Copy Apache logs to stenodon

added component::webpages/website owner::phobos priority::medium resolution::invalid status::closed type::task labels

I believe we'll want to sanitize and process logs for the following hosts: www, blog, trac, metrics, gitweb, and bridges.

Trac:
Summary: Copy www.torproject.org-access.log to stenodon to Copy Apache logs to stenodon

What's the status here? Are you ready to take more?

Trac:
Status: new to needs_information

Yes, ready for more logs now. Should we start with www.tpo?

Trac:
Status: needs_information to new

In relation to #7004 (moved), having reporting current and daily would be great. I've like to know what our traffic actually is as it seems high to me.

Trac:
Cc: N/A to runa

Peter pointed out that we currently have four machines that are www.torproject.org, and asked what's needed to get them all counted on webstats.tpo. I'm not entirely sure how that part of the process works. Here's what Karsten said:

I'm not entirely sure, either.

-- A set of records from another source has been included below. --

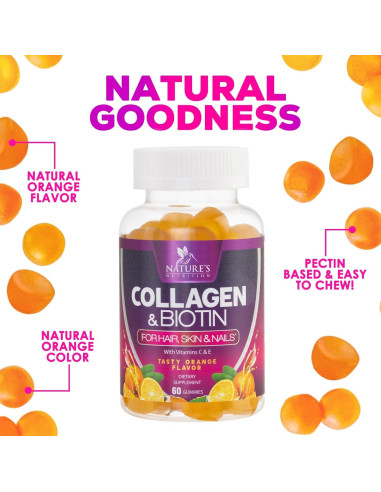 Gomitas de Colágeno Nature's Nutrition 60 Unidades - Biotina, Vitamina C y Zinc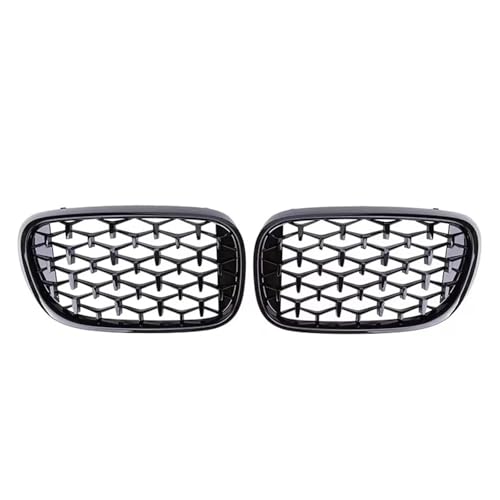 TILIEINE Front- & Kühlergrille Front Racing Grills Fit Für BMW 7 Serie G11 G12 2015-2019 740i 750i Chrom Stil Doppel Lamellen Oberen Grills Kühlergrills(Diamond-Glossy Black) von TILIEINE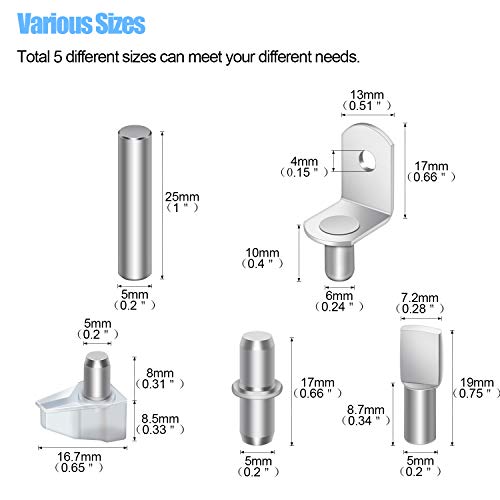 DYWISHKEY 5 Styles Shelf Pins Kit, Nickel Plated Shelf Bracket Pegs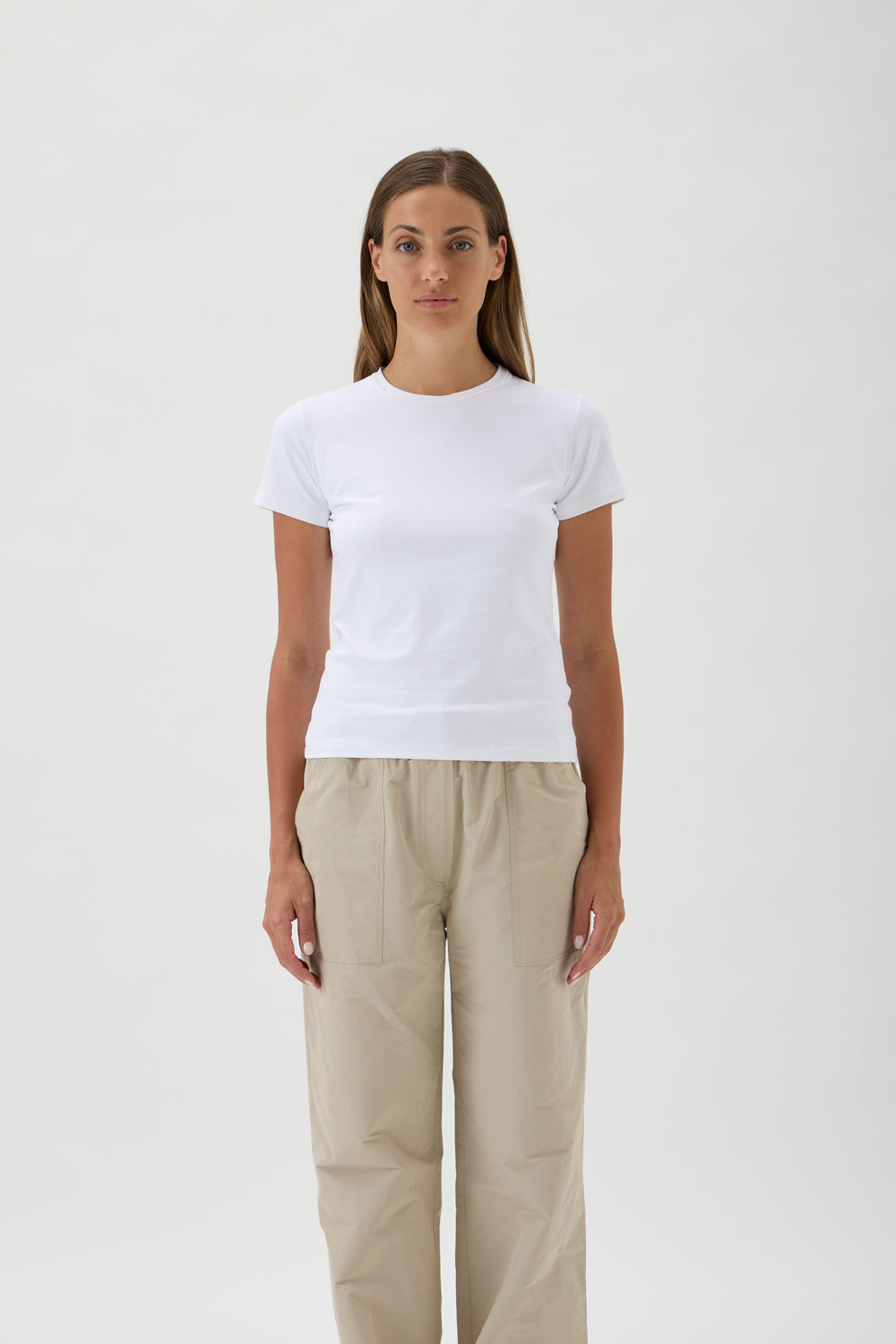 Short-Sleeve Fitted T-Shirt in Nair - 1002 White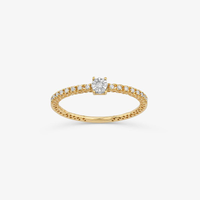 Anel Solitario com 12 Pontos de Diamantes em Ouro Amarelo 18k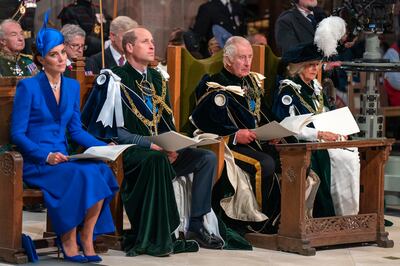 Kate, Princess of Wales, Prince William, Prince of Wales, King Charles III and Queen Camilla at St Giles' Cathedral in Edinburgh. Getty Images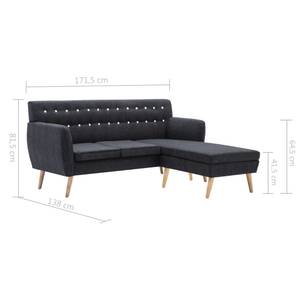 L-förmiges Sofa 296124 Grau - Holzwerkstoff - Textil - 138 x 82 x 172 cm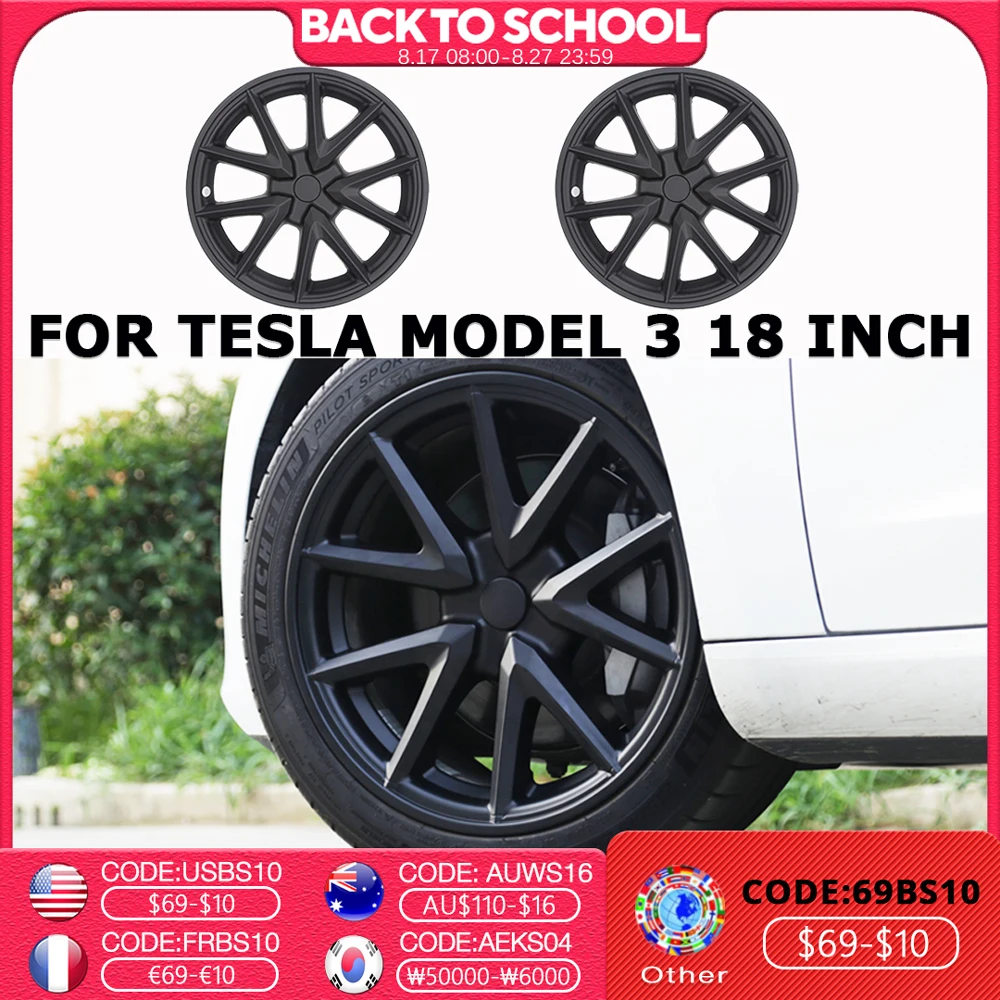 

4PCS Car Wheel Cover 18 Inch Performance Replacement Hub Cap Automobile Tires Hubcap Accessories for Tesla Model 3 2016-2023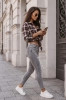 Koszula damska w kratę oversize czarna z bordo rozpinana flanelowa w kratkę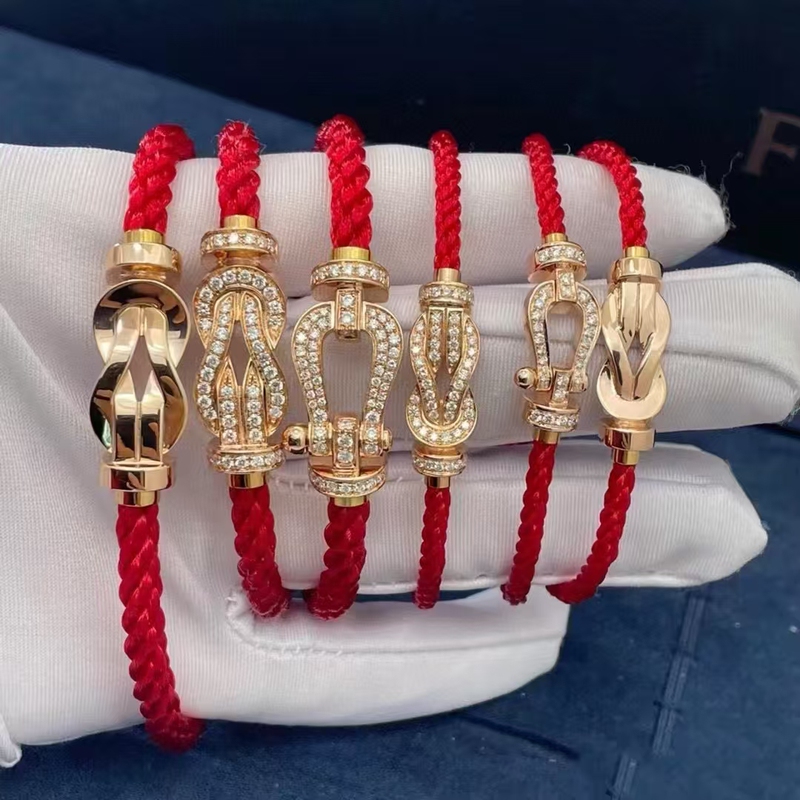 Red String Bracelet for the Year of the Horse, 18K Gold Full Diamond Horseshoe Clasp Bracelet, Couple Bracelet Gift for Boyfriend or Girlfriend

I think you only need to copy the original logs to 1 subdirectory per physical host, e.g., in/vescum/*, and files should only contain the virtual host in their file name, not the physical host, e.g., www.torproject.org-access.log-20111224.gz. So that would be in/vescum/www.torproject.org-access.log-20111224.gz. But I'm not 100% sure.

Can you try out the following?

Create a new webstats instance, for example on your laptop (don't test this on the live system).
Copy vescum's access.log files to in/vescum/www.torproject.org-access.log-20111224.gz, majus' access.log files to in/majus/www.torproject.org-access.log-20111224.gz, etc. Do that for a week worth of data that is at least 4 or 5 days old; e.g., Sep 17--23.
Run webstats and see if there's just a single file in out/ for www.torproject.org that contains requests from all input files.

Karsten: where is the script that takes logs, sanitizes them, and puts them in out/ for webalizer to copy and process?

Trac:
Cc: runa to runa, karsten

Replying to runa:

Karsten: where is the script that takes logs, sanitizes them, and puts them in out/ for webalizer to copy and process?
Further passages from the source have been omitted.